§ 3.14 p.m.
§ Lord Dormand of Easington asked Her Majesty's Government:
§ Whether, after the first full year of the privatisation of the coal industry, they are satisfied with the level of accidents in the industry.
The Minister of State, Department of the Environment (Earl Ferrers)
My Lords, the Government are never satisfied with the level of accidents in the coal industry or anywhere else at work. However, the evidence suggests that there has been no decline in health and safety standards since privatisation and, in some areas, greater emphasis has been placed on health and safety issues.
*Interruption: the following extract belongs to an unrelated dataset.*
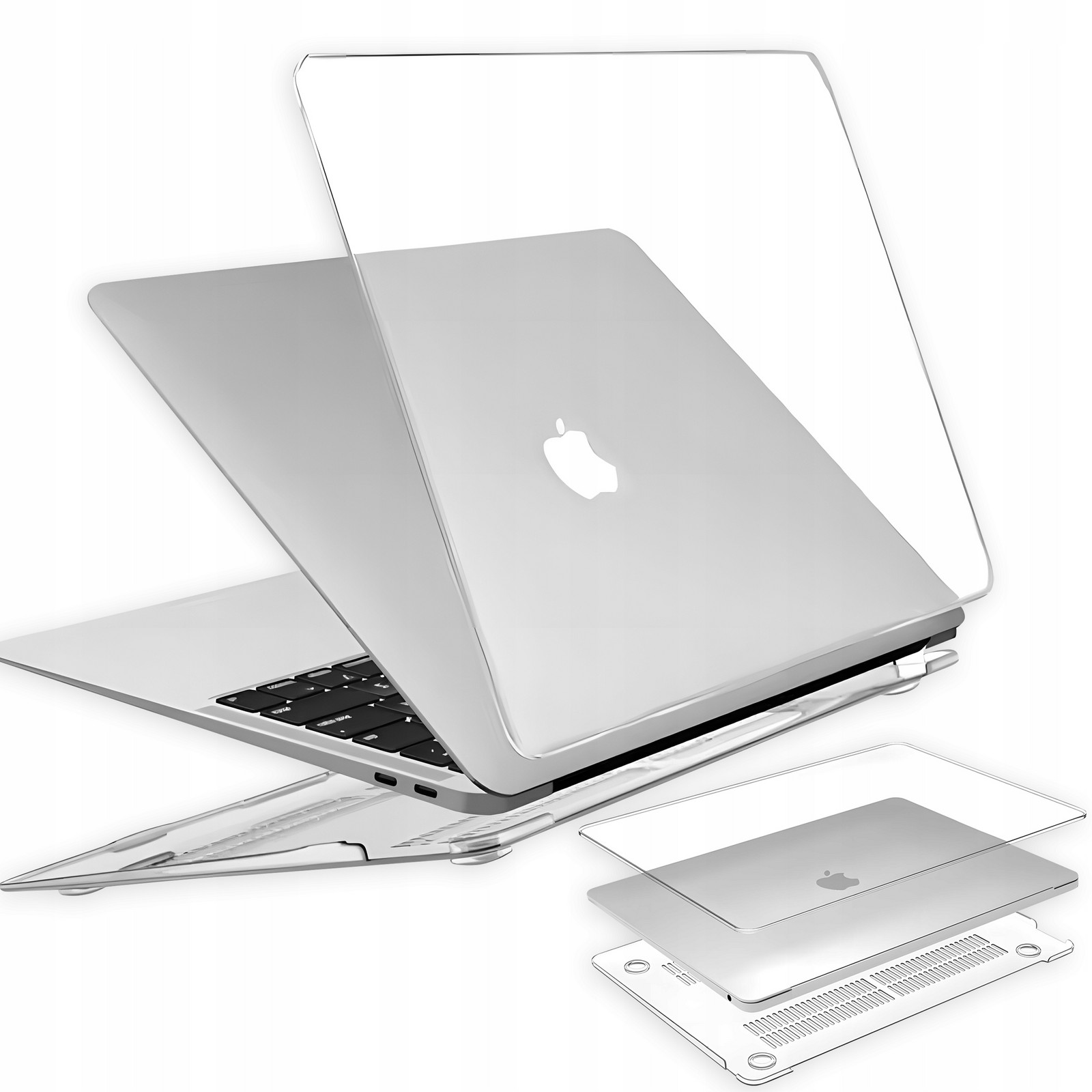 Pouzdro Pouzdro pro Macbook Apple Air 13 13.6 M2 A2681 2022 Průhledné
§ Lord Dormand of Easington
My Lords, I appreciate that accidents have traditionally been analysed on the basis of the rate per 100,000 man shifts. However, in spite of what the Minister has just said, what significance do the Government place on the fact that the number of fatalities in the mining industry has increased from two to five and that there has been an increase in serious accidents of 18 per cent.? Do the Government consider that the reduction in the number of mines inspectors—from 60 in 1993 to 22 at the present time—is sufficient to ensure proper safety in the pits?
My Lords, the noble Lord is quite correct. The number of fatal accidents rose between 1994–95 and 1995–96 by three. That is to be greatly regretted. However, one has to remember that the number of man shifts worked also rose by some 22 per cent. during the same period. During that time the rate of all reportable accidents fell. The number of fatal and serious accidents in 1994–95 was the lowest on record and the number in 1995–96 was the 321 second lowest. The number of people in the mining inspectorate has gone up from the figure which the noble Lord quoted.
§ Lord Mason of Barnsley
My Lords, will the Minister ask the Health and Safety Executive to inquire into the increasing use of contractors brought in as sub-contractors in and around the coal mines? I ask that because the accident figures of those contract workers may not be registered by the private owner and consequently the total of all casualties of all workers in and around coal mines may be entirely different from what is produced in the reports.
My Lords, it is always difficult when one starts comparing figures. The noble Lord, Lord Dormand of Easington, was correct in saying that the figures are normally based on the rate per 100,000 man shifts. The figure for accidents in 1994–95 was 10.19, which went down to 8.44 in 1995–96. Before privatisation only British Coal collected figures in that form, but since privatisation the Health and Safety Executive has collected figures from all coal mine owners. The rates for 1994–95 are therefore only for mines operated by British Coal but the rates for the later period, 1995–96, cover all the privatised industries.
§ Lord Ezra
My Lords, I wish to revert to the question of mine safety engineers. Is it not a fact that the resources of the Health and Safety Executive as a whole are at present overstretched and that this applies as much to mining as to anything else? Are the Government looking carefully at this matter and aiming to put it right?
My Lords, I do not think the resources are overstretched. Certainly they are kept fully employed. The mines inspectorate investigated the effects of privatisation on health and safety standards in the coal industry. Employees and local trade union representatives were asked how management attitudes had changed since privatisation. The general response was that there had been little change but some said that management were placing a greater emphasis on safety. I can assure your Lordships that the Health and Safety Executive mines inspectorate regularly monitors these standards.
§ Lord Clinton-Davis
My Lords, have the resources of the Health and Safety Executive been reduced; and if so, to what extent? To what extent is the HSE's activity impaired as a result of any such reduction?
§ Lord Dormand of Easington
My Lords, the Coal Authority has said that it intends to inspect every working mine at least once in each calendar year. Will the Minister say who will monitor that, particularly as the Health and Safety Executive has said in its report 322 that, because some of its activity has been diverted elsewhere, it is not entirely sure how it can cope with its planned inspection of the pits?
My Lords, I am not aware that there was a difficulty over the inspection of the pits in the way the noble Lord, Lord Dormand of Easington, suggests. I shall certainly look into the point and write to him.